3) Пути, по которым переднеазиатские изделия попадали в Прикубанье, а также из Прикубанья дальше на север, в основном, по-видимому, были сухопутными. Нет сомнения, что в дальнейшем, по мере роста археологических исследований в Закавказье, мы сможем более отчетливо разобраться в этом вопросе. Вероятно, эти пути в значительной мере совпадали с путями передвижения военных отрядов кочевников, совершавших походы в Переднюю Азию, а также и внутри степных областей.
4) Использовались ли в VII и в начале VI века морские пути по восточному берегу Черного моря, мы пока не знаем. В пользу возможности их использования можно было бы привести только последнюю из упоминавшихся находок — у станицы Крымской, расположенной недалеко от удобной Новороссийской бухты и от Анапы, где несколько позже возникли греческие поселения.
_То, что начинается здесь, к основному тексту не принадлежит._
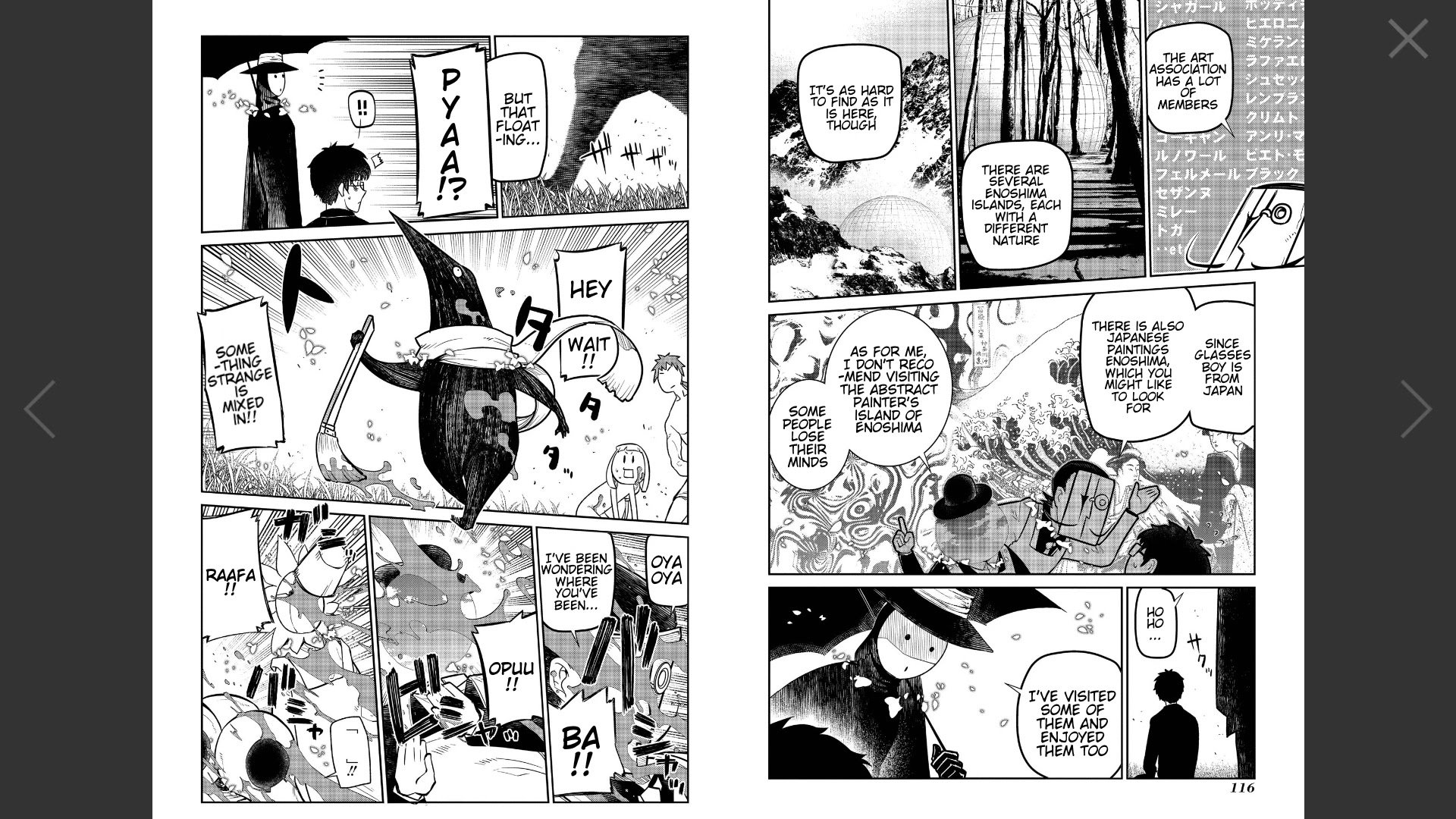 Reincarnation no Kaben Chapter 62 7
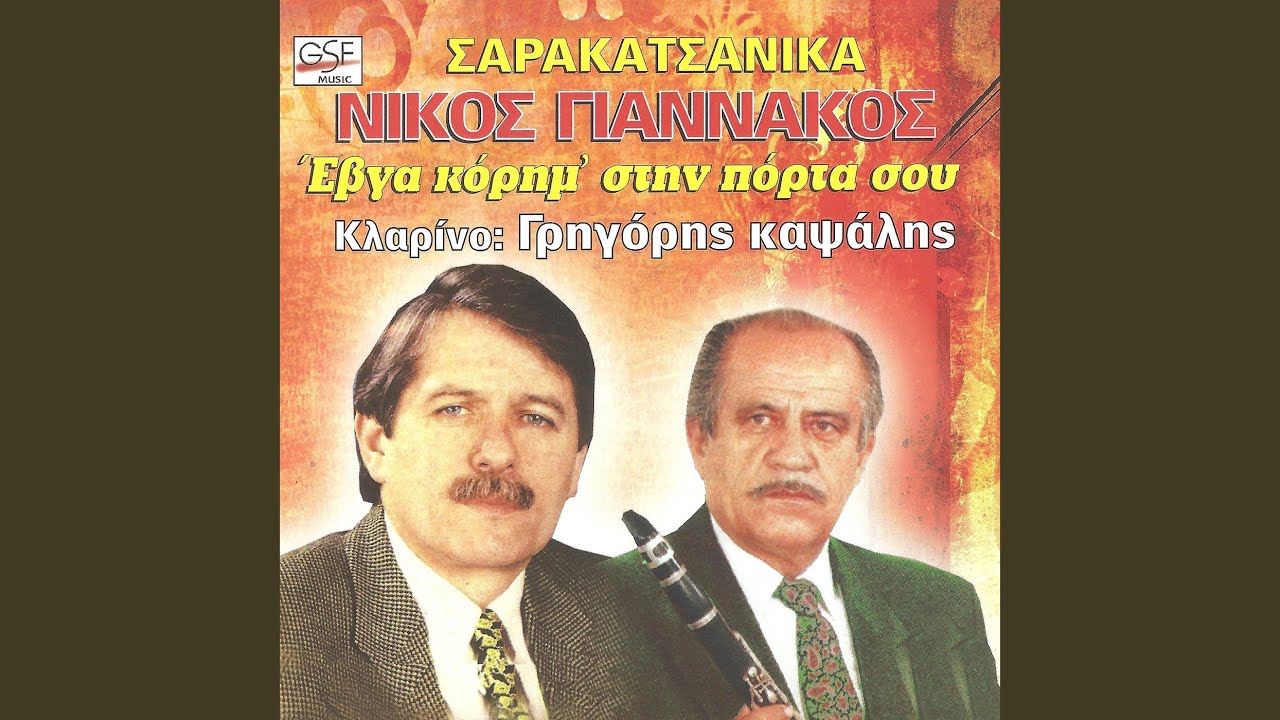 Πανάθεμα τα Γιάννενα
В нашем распоряжении нет также данных, которые подтвердили бы использование в VII веке смешанного сухопутно-морского пути через Тамань и Крым в низовья Днепра, который мы предположили для более раннего времени.
Таково фактическое состояние юго-восточных связей и сношений населения степей в VII и в начале VI вв. до х. э. По сравнению с предшествующим периодом мы видим резкое усиление этих сношений и, в то же время, качественное изменение в их характере. Объяснение этим явлениям может быть найдено только в охарактеризованных выше переменах в жизни и хозяйстве самих степных племен, а именно, во-первых, в образовании нового социального слоя племенной знати, предъявляющей постоянный спрос на предметы роскоши, и, во-вторых, в непосредственном соприкосновении северных кочевников-степняков со странами Передней Азии во время походов VII в. Пока трудно сказать, в какой мере перечисленные выше находки восточных изделий проникли в степи в качестве прямой военной добычи; однако наличие сношений с Кавказом в более раннее время и смешанный стиль целого ряда из числа приведенных памятников, явно изготовленных специально для удовлетворения спроса кочевнической знати (находки из Келермесских и Мельгуновского курганов), заставляют основную роль в рассматриваемых сношениях приписывать торговле мирного порядка. Через чьи руки эти южные изделия проходили по пути на север, нам пока остается неясным. Скорее всего они распространялись отчасти, как и раньше, путями соседского межплеменного обмена, отчасти же доставлялись на север представителями скифской знати, побывавшими в южных странах. Во всяком случае у нас пока нет никаких данных, которые позволили бы считать, что в северные степи проникали торговцы непосредственно с Древнего Востока, в частности из Вавилона, как это склонна была допустить Т. Н. Книпович.